## EXERCISE DETAILS
Look below for the line with "No Boundaries Women's"; begin the copy there and stop after the line with "Lululemon Polka Flock Set", keeping the text exact and the pictures out.

DATA EXCERPTS below:

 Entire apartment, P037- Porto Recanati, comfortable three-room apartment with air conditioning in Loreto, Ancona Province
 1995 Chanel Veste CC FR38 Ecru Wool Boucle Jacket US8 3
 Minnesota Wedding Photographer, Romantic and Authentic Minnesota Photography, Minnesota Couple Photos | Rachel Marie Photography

End of DATA EXCERPTS.
DATA EXCERPTS below:

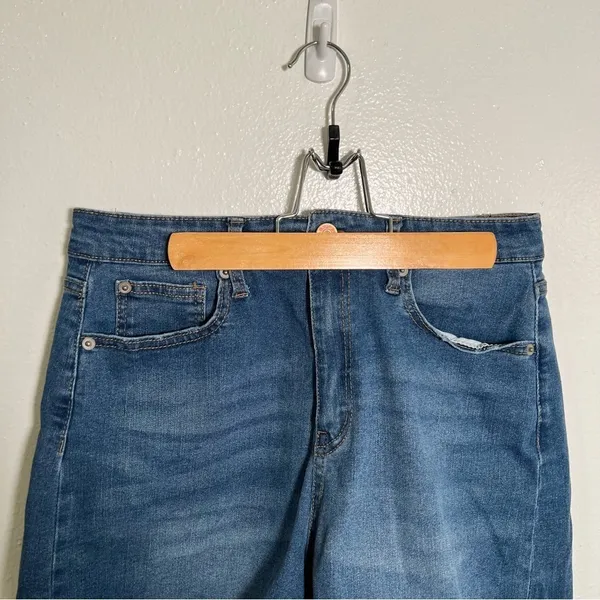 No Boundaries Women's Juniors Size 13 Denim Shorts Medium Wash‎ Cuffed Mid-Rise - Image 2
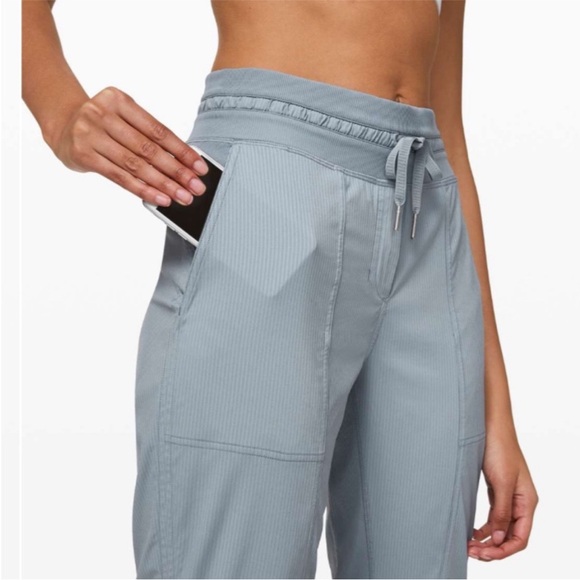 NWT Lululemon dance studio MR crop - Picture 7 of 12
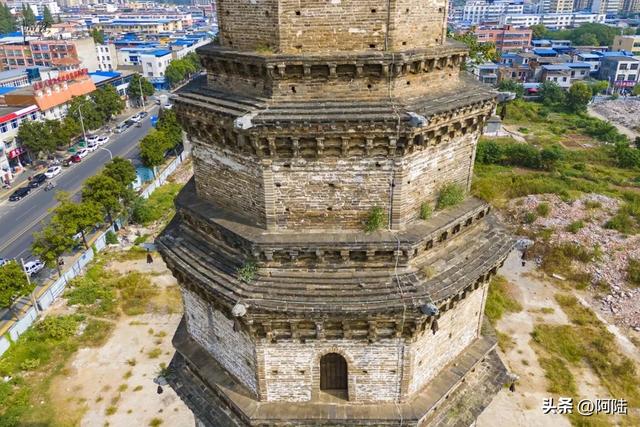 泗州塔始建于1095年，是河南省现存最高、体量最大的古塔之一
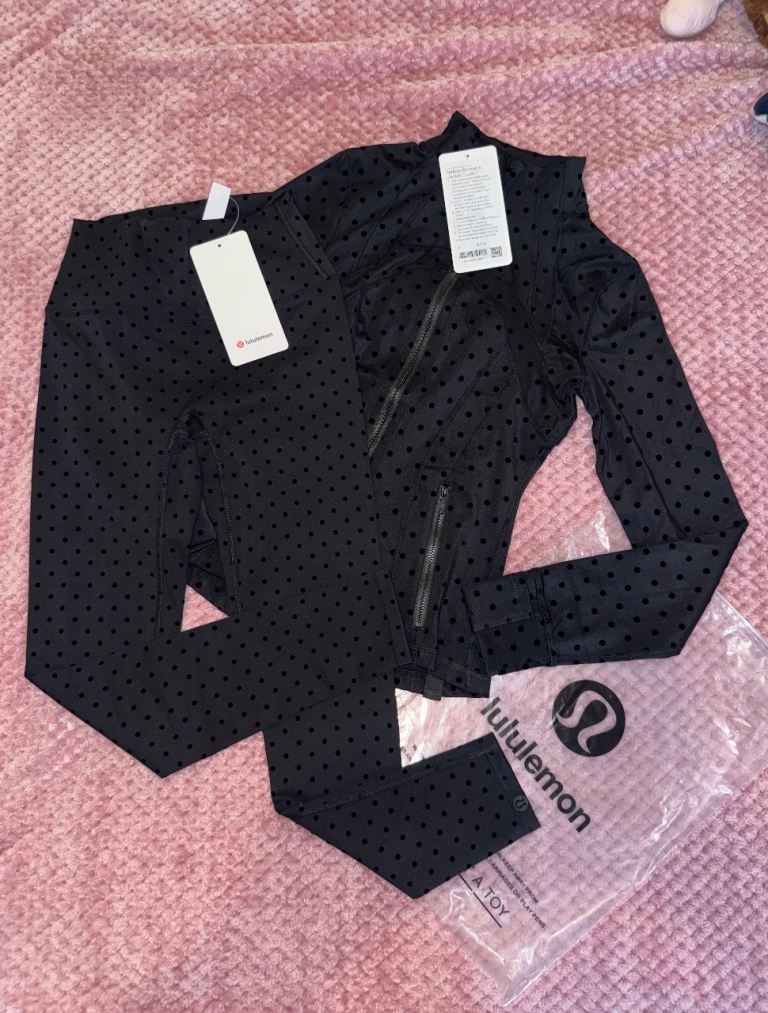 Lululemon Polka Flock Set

End of DATA EXCERPTS.

## ANSWER TO THE EXERCISE
 No Boundaries Women's Juniors Size 13 Denim Shorts Medium Wash‎ Cuffed Mid-Rise - Image 2
 NWT Lululemon dance studio MR crop - Picture 7 of 12
 泗州塔始建于1095年，是河南省现存最高、体量最大的古塔之一
 Lululemon Polka Flock Set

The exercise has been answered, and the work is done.